Volvo Cars chose to site its Monitoring & Concept Center (VMCC) in California because of the state’s position as a consummate trend setter with its creatively-charged atmosphere and innovation excellence.

Thinking ‘outside-the-box’ has been second nature to Volvo Cars since it started making automobiles almost eight decades ago.

So, back in 1986, it made perfect sense to Volvo to become the first European car maker to set up a think-tank styling studio in trend-setting California.

"As a state of mind and way of life, California is a matrix of trans-cultural richness embracing huge human, racial, ethnic, linguistic and cultural diversity," says Lars Erik Lundin, General Manager of the Volvo Monitoring and Concept Center in Camarillo, California.

"The collective energy of that human diversity, together with the state’s great climate and natural geography, has led to Californians living life out loud socially, politically and economically. This has made the state the ideal place to explore the future 10-30 years ahead –- a key part of our job at the Volvo Monitoring and Concept Centre."

Some 34 million people currently live in California, the fifth or sixth most dynamic economy on the planet.  California is also the premium U.S. auto market with over 31 million state-registered cars, trucks and motorcycles that represent around 10 percent of the total U.S. national car market.

In California it is very much okay to like cars, with over 85 percent of all trips in the state over 160 kilometers (100 miles) taken in private vehicles.  Its citizens have massively embraced the machine that enhances their personal mobility.

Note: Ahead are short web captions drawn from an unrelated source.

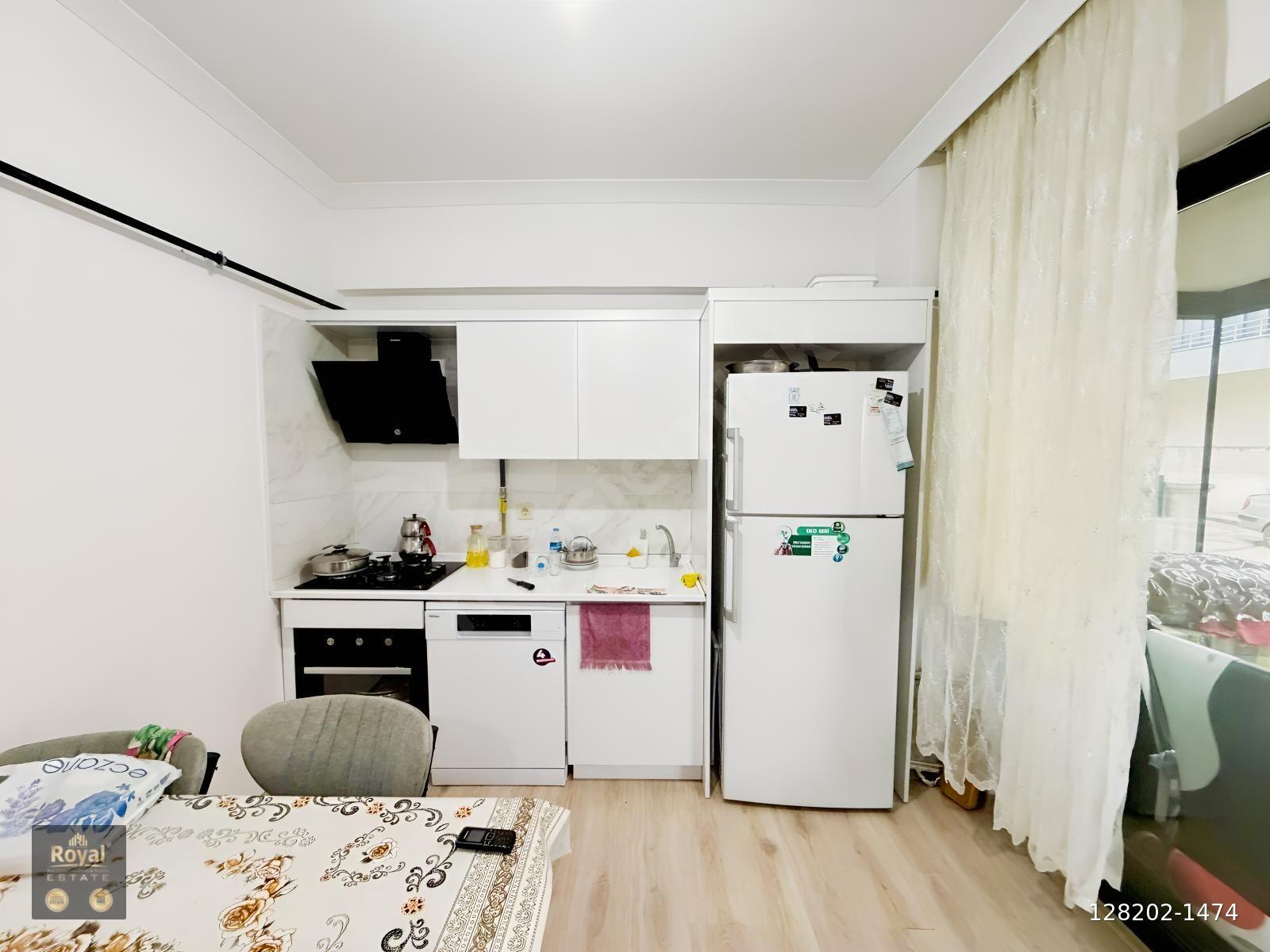 ROYAL EMLAKTAN AÇI KOLEJİ KARŞISI SATILIK EŞYALI 1+1 DAİRE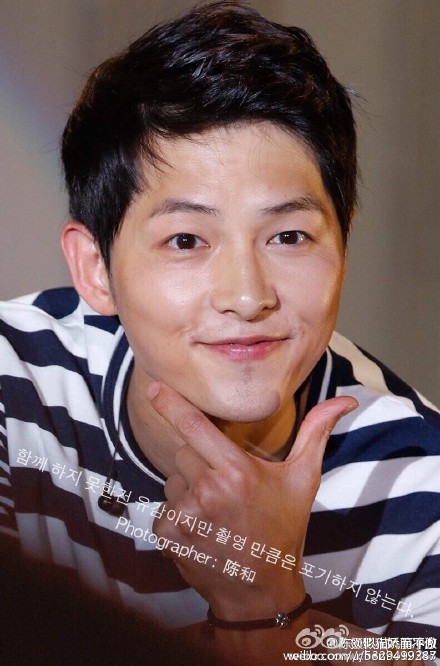 Song Joong Ki nghẹn ng&agrave;o x&uacute;c động đến rơi nước mắt - Ảnh 14.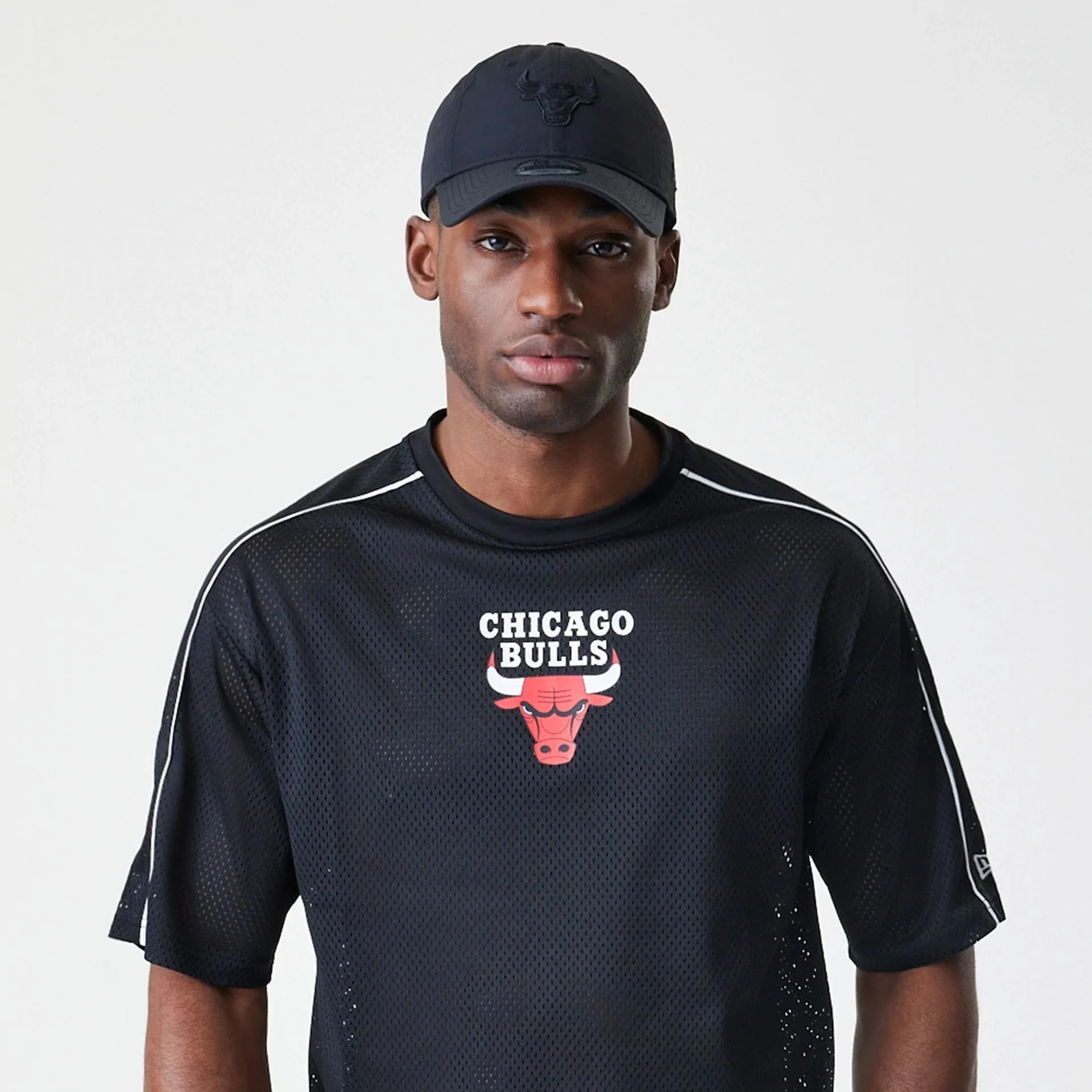 Chicago Bulls NBA Piping Black Oversized T-Shirt - Image 6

The vast Californian freeway and interstate highway system was built during the second half of the last century to meet the demands of a growing population and expanding economic development. The auto dependency has led to lengthy and frequent congestion problems in major urban areas at any time of the day or week. The Federal Highway Administration says almost 50 percent of California’s urban interstates are carrying more traffic than they were designed to handle.

California has not slowed to a grinding halt yet. But people increasingly feel quality of life (always important in the state renowned for its fixation on keeping body, mind and soul ‘looking good’) is being seriously restricted by spending more hours stuck in traffic.

Efforts to clean California’s air have accelerated since the Clean Air Act of 1970.  Amid demographic predictions of a rise in population to 60 million or more by 2040, environmentalism has grown in response to the pressing challenges of shrinking open space and pollution.

The powerful Californian Air Resources Board has pioneered many initiatives aimed at reducing emissions, including a proposed program under which 10 percent of new cars sold after 2009 must be hybrid gasoline-electric models. Designed to cut tailpipe emissions by at least 70 percent, the regulations give auto makers until 2009 to come up with the necessary technological changes or modifications.

Such challenges, together with California’s consumer focused culture, gives VMCC’s designers, engineers and socio-cultural mappers a unique insight into a future driven by the unabashed desire for unrestricted personal mobility and entertainment-oriented lifestyles. And stimulate fresh ideas about how to tackle such trends as the growing auto mobility of women and longer-lived people driving well into their ‘80s.

Says Lars Erik Lundin: "California’s bell-weather promise and the dreams and aspirations of its citizens stretch far beyond America’s shores. The way Californians live their lives and find new ways of enjoying themselves provides valuable lessons for shaping the look, performance and appeal of Volvo’s cars in a world changing at lightening speed."

Background

Volvo Car Corporation sold 415.000 cars in 2003 in more than 100 markets globally. Making cars since 1927 and employing 28,000 people, Volvo Car Corporation is a member of the Ford Premier Automotive Group.